For the past month or two (e.g.: many snapshots ago!), my computer has hung on about one of every five reboots or shutdowns. The screen goes from black to chartreuse, and then nothing; I have to use the Magic-Sysrq keys to reboot or power down.
After a balked reboot, I ran # journalctl -b -1 and saw:
kernel: watchdog: watchdog0: watchdog did not stop!
I did some research – https://www.pcsuggest.com/disable-nmi-watchdog-linux/ – and:
(1) added kernel.nmi_watchdog=0 to the end of /etc/sysctl.conf
and
(2) added nmi_watchdog=0 as a boot parameter.
No luck. The computer still sometimes reboots or powers off properly, sometimes hangs.

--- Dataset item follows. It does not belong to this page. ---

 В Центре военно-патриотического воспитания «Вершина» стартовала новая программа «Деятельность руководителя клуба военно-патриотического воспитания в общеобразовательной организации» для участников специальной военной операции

I ran # journalctl -b -1 after the last incident requiring the Magic-Sysrq combination, and saw:
Sep 26 21:36:32 linux-j26j systemd[1]: Starting Reboot...
Sep 26 21:36:32 linux-j26j systemd[1]: Shutting down.
Sep 26 21:36:32 linux-j26j systemd[1]: Hardware watchdog 'iTCO_wdt', version 0
Sep 26 21:36:32 linux-j26j systemd[1]: Set hardware watchdog to 10min.
Sep 26 21:36:32 linux-j26j kernel: watchdog: watchdog0: watchdog did not stop!
Sep 26 21:36:32 linux-j26j kernel: systemd-shutdow: 28 output lines suppressed due to ratelimiting
Sep 26 21:36:32 linux-j26j systemd-shutdown[1]: Syncing filesystems and block devices.
Sep 26 21:36:32 linux-j26j systemd-journald[424]: Journal stopped
… which suggests (at least to me) that the computer is trying to fire up nmi_watchdog before shutdown, despite sysctl.conf and the boot parameters.
I wonder if the chartreuse screen also points to a video driver issue. I have the nvidia driver loaded “the hard way,” have seen the same chartreuse screen immediately after the video driver loads when booting to run level 3. However, upgrading drivers from 396.54 to the latest 410.57 hasn’t helped.
Any troubleshooting suggestions will be appreciated.
Magic-SysRq always reboots or shutdowns the computer. I could continue to live with the problem.